分かっていて、気づかないふりをしていたのかも知れない。
確かに、浮かれたバブル経済の中で、
「陰りが見えている」
などというと、
「ほらを吹くんじゃない」
ということで、
「せっかく経済が上向きなのに、水を差すようなことをいうと、今の経済が、音を立てて崩れていくことになりかねない」
として、保守的な人間は、
「なるべく騒ぎ立てることをよしとしない」
と思っているに違いない。
だから、
「経済学者も、分かっていても、黙っているしかない」
と思うようになったかもしれない。
「経済学者として、警鐘を鳴らすのが仕事なのに」
ということであるが、それを聴こうとしないのであれば、どうすることもできない。
「俺たちは、自分のことだけを考えるしかないんだろうな」
としか思えないということであろう。
そんな社会の中で、
「殺された男というのが、どういう人物なのか?」
とその時は誰も分からなかった。
第一発見者は、倒れている男の断末魔のその表情を見ていると、凝視できなくなっていた。

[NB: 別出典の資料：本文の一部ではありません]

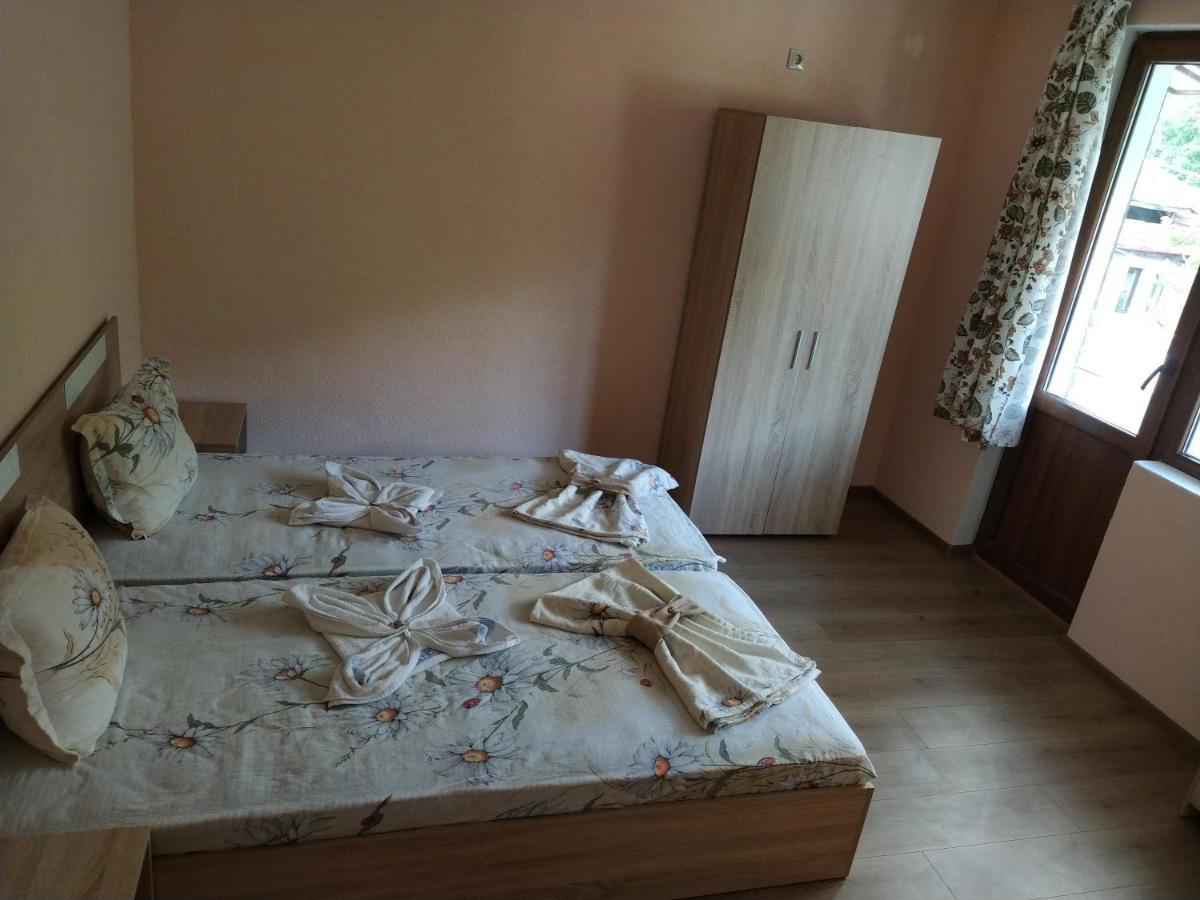 Guest House Proynovi Kałofer Zewnętrze zdjęcie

相手の目線から逃れようと、少しずつ相手の角度から離れようと、立っている位置を変えてみたが、
「その顔から逃れることができても、その視線から逃れることができない」
ということが分かってきたのだった。
急いで、110番をすると、ほどなく警察がやってきた。
さすがに、緊急連絡をしただけに、パトランプを鳴らしての到着だったが、やってきた刑事は、本当に、刑事ドラマで見た様子を思い出させ、
「下手にかかわらない方がよかったか?」
と思わせるほどだったのだ。
あわただしい雰囲気に、当たりは見舞われたが、二人の刑事と、制服警官が数名に、鑑識と思しき、県警の腕章をつけ、背中にF県警察と書かれた服を着ているのが、鑑識のようだった。
さすがに、手慣れたもので、そそくさと捜査が、そして、厳かに行われた。
まずは、
「亡くなった人に対しての礼儀」
ということで、手を合わせてからの実地検証であった。